What the task requires:
Each line in the material below must be transcribed exactly; no picture belongs in the copy.

Information supplied:
=======

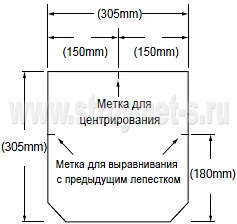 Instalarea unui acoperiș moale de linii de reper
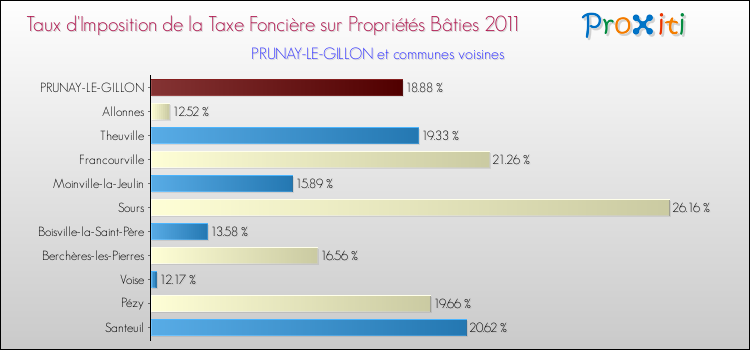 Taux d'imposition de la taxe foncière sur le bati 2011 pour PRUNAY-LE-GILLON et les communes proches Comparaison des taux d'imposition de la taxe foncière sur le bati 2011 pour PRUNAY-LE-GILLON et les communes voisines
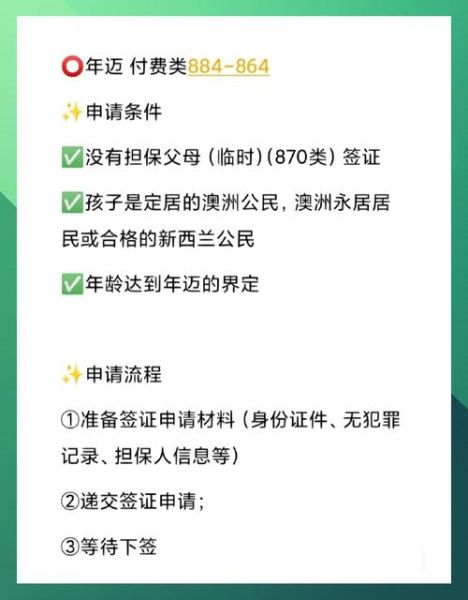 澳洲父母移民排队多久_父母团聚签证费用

=======

Output below:
 Instalarea unui acoperiș moale de linii de reper
 Taux d'imposition de la taxe foncière sur le bati 2011 pour PRUNAY-LE-GILLON et les communes proches Comparaison des taux d'imposition de la taxe foncière sur le bati 2011 pour PRUNAY-LE-GILLON et les communes voisines
 澳洲父母移民排队多久_父母团聚签证费用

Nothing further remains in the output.